Myth No. 3: Student loan forgiveness benefits private banks.

The Department of Education holds more than 90 percent of student loan debt. Student loan forgiveness applies only to this government-held debt, not to debt held by private banks.

Myth No. 4: Forgiving student loans is good for the economy because students will be better able to purchase homes and cars.

Loan forgiveness will give students more financial freedom. But that’s only half the truth. For every additional dollar students can spend because their loans are forgiven, the rest of us will have one dollar less to spend because we must pay for the forgiven loans. Forgiveness augments students’ spending in exchange for diminishing the general population’s spending.

Myth No. 5: Forgiving student loans won’t cost that much.

In the face of trillion-dollar deficits, an additional hundred billion or so might not be noticeable, but what’s important is what comes next. Future students will want loan forgiveness too. Universities will hike tuition because students are less concerned about tuition when someone else is footing the bill. There will be an influx of students who would otherwise have entered the job market but now see the opportunity for a four-year all-expenses-paid vacation. 

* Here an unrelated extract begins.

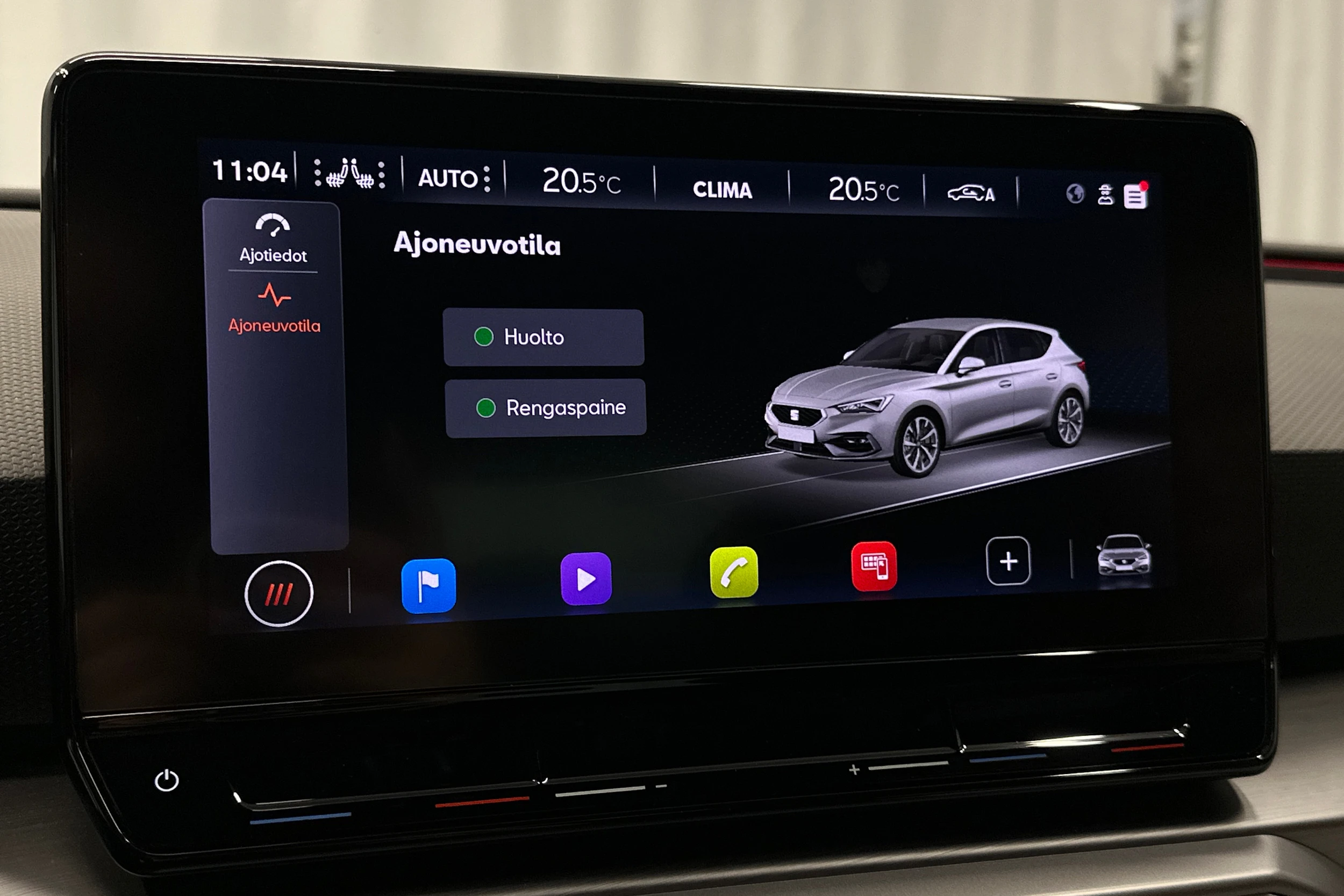 valkoinen SEAT Leon 2021 kuva 29.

This increase in demand will push tuition up even further. On average, vacationer-students will study easy subjects like gender studies and child and family education. When these students ultimately can’t find jobs, politicians will hold hearings asking why higher education costs taxpayers so much and delivers so little. Politicians will attempt to “reform” higher education, arguing that since the government is paying the bills, the government should be calling the shots. And that will give us Public Schools 2.0. All the problems that politicians have brought to public education, they will bring to higher education.

Myth No. 6: Student loan forgiveness is good for Americans.

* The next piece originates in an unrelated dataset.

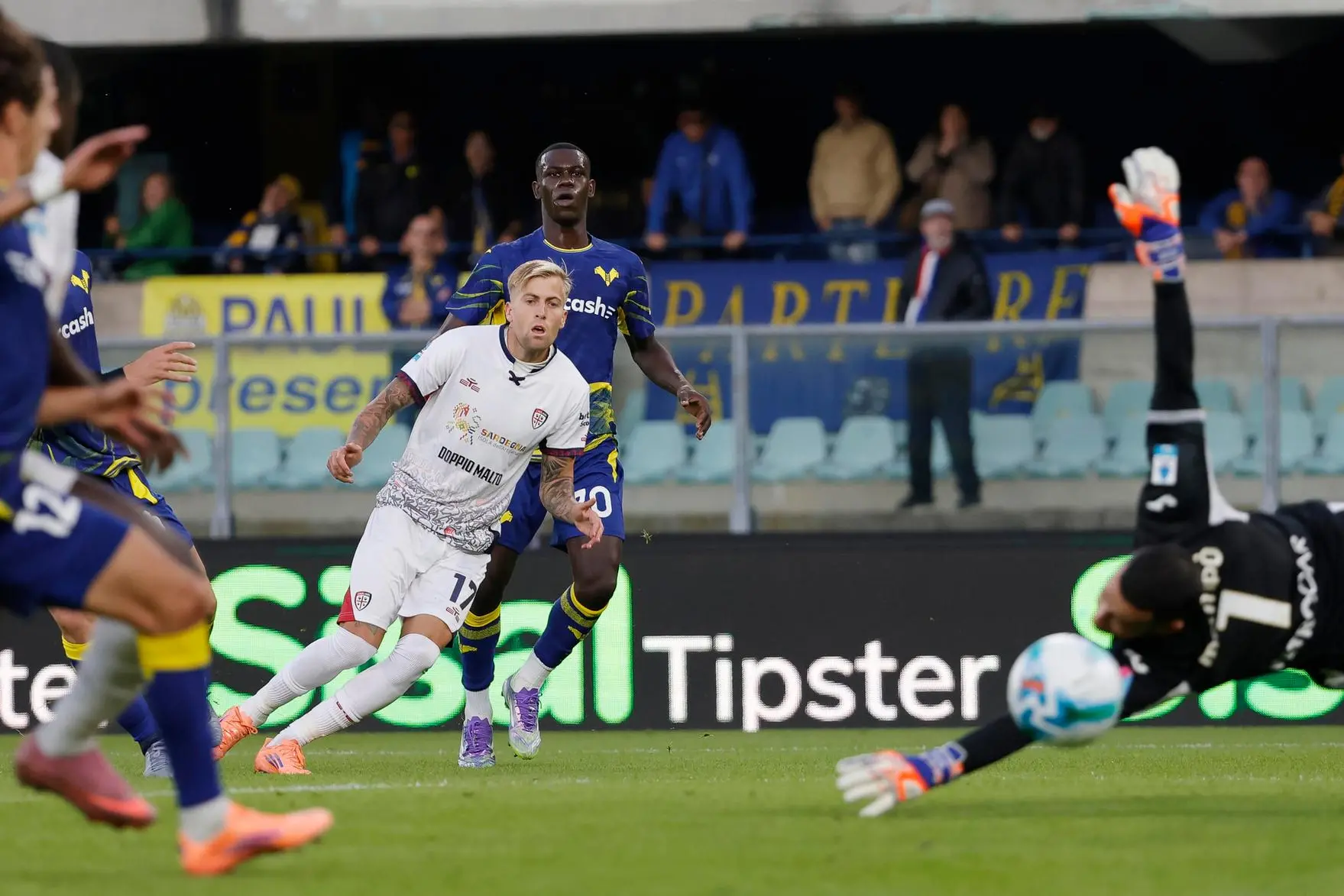 Cagliari's Mattia Felici scores the goal 2-2 during the Italian Serie A soccer match Hellas Verona vs Cagliari Calcio at Stadio Marcantonio Bentegodi in Verona, Italia, 26 October 2025. ANSA/EMANUELE PENNACCHIO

Student loan forgiveness is good for some but bad for others. The one group for whom student loan forgiveness is unquestionably good is politicians. Student loan forgiveness allows politicians to use taxpayers’ money to buy off an entire group of young voters.

The reality is that a college degree is either valuable or it isn’t. If it’s valuable, it will pay for itself. If it’s not valuable, no one should pay for it. Either way, there’s no reason for the government to be involved.